Abstract
This research explores the failures of the Occupational Safety and Health Administration (OSHA) to effectively protect workers in the United States. Utilizing a secondary analysis of OSHA records, OSHA regulations, and scholarly and journalistic accounts of occupational violence, this research highlights the role of the state in creating and recreating the structure within which work-related health and safety regulations are routinely violated. Although we acknowledge that regimes of permission emerge from state–corporate symbiosis, our purpose here is not to explore the symbiotic nature of the relationship between the state and corporations which has led to the failure to protect workers. Instead, this research seeks to expose the consequences of the symbiosis, a regime of permission that allows corporations to maximize capital accumulation by ignoring health and safety regulations.
Highlights
In 2014, there were 4,679 workers killed on the job in the United States (US Department of Labor 2014a)
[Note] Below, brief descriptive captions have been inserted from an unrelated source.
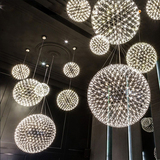 现代客厅LED吊灯创意个性餐厅灯moooi火花球吊灯创意烟花满天星空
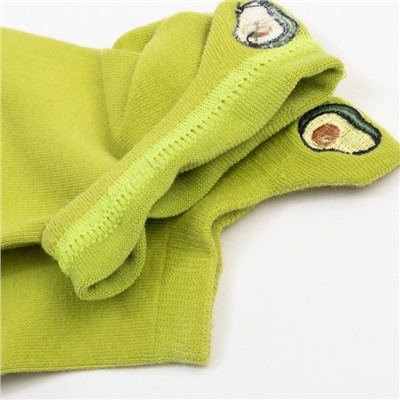Носки женские укороченные MINAKU «Авокадо», цвет зелёный, размер 36-39 (23-25 см)
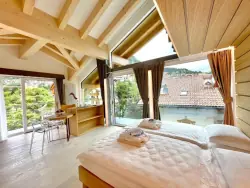 Izba, Alledolomiti Boutique Lake Hotel, Molveno, Taliansko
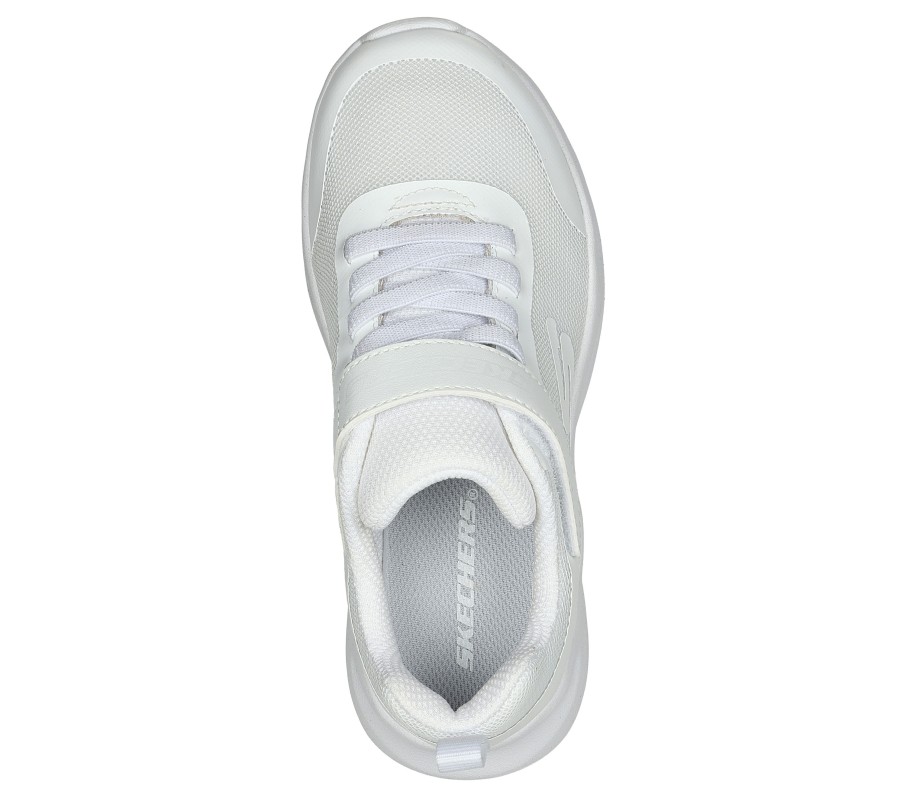 SKECHERS Dynamatic White Athletic Sneakers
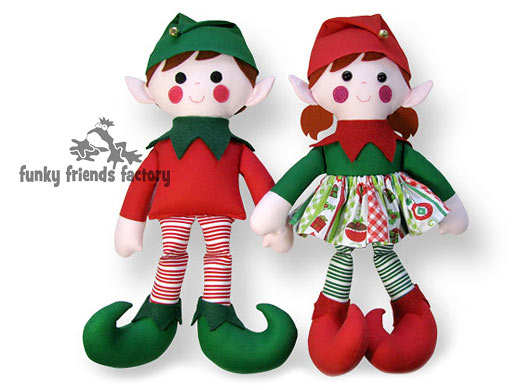 Christmas Elf Sewing Pattern Tutorial Funky Friends Factory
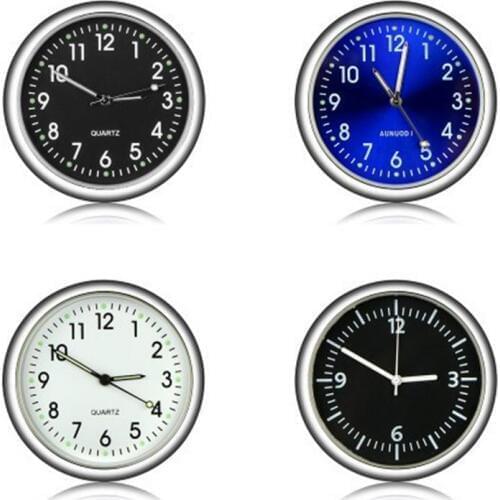 Car Ornaments Clock Auto Electronic Meter Timepiece Universal Interior Decoration Sticker Watch Brand New Practical Accessories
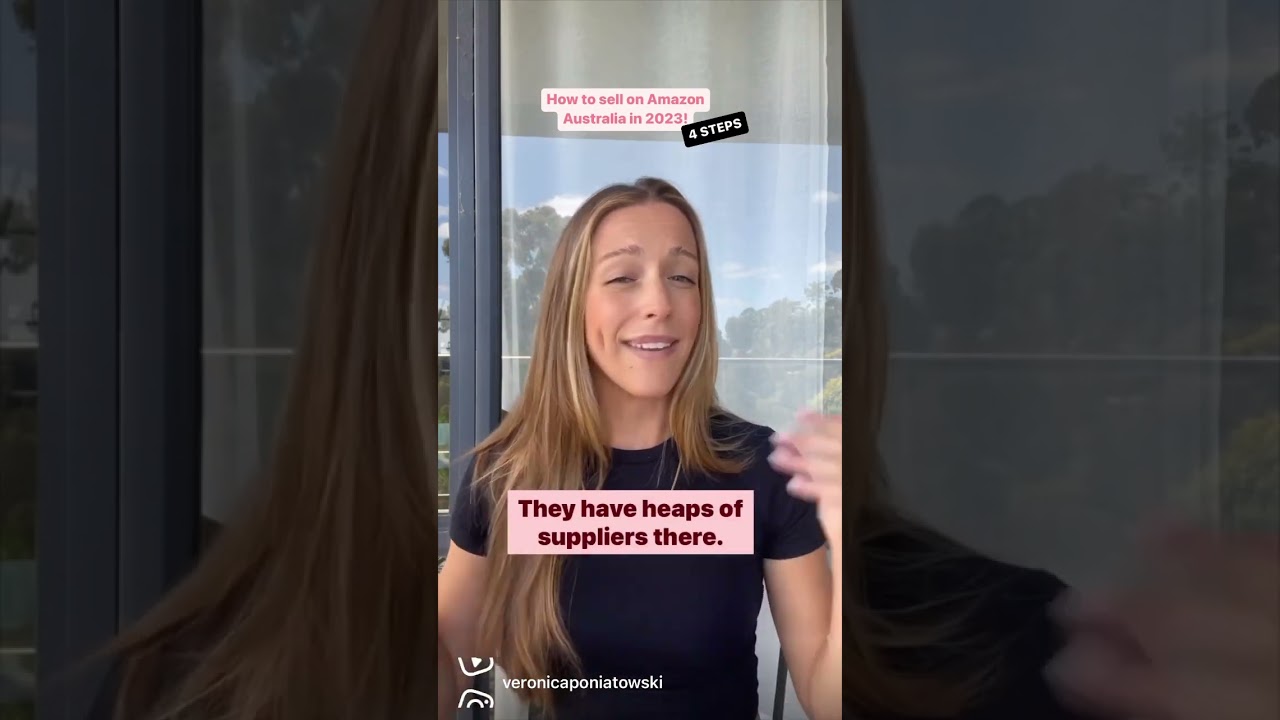 How sell on Amazon Australia in 2023! (In just 4 steps!) #amazonfba #amazonforbeginners #sidehustle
This research seeks to expose the consequences of the symbiosis, a regime of permission that allows corporations to maximize capital accumulation by ignoring health and safety regulations
The Enforcement Program (EEP) had been in operation for five years when it was amended in response to Occupational Safety and Health Administration (OSHA) staff concerns that the programme was not effectively regulating the employers it had been designed to target (Statement of Jordan Barab, Committee on Education and Labor 2009)
Summary
In the United States, OSHA is recognized as having some of the weakest enforcement capabilities of any government agency (Committee on Health, Education, Labor, and Pensions 2005). Civil penalties were reduced even further when contested by the employer, which, according to the Senate Committee Report (Committee on Health, Education, Labor, and Pensions 2008a), rewards resistance to OSHA authority (rather than reinforces it).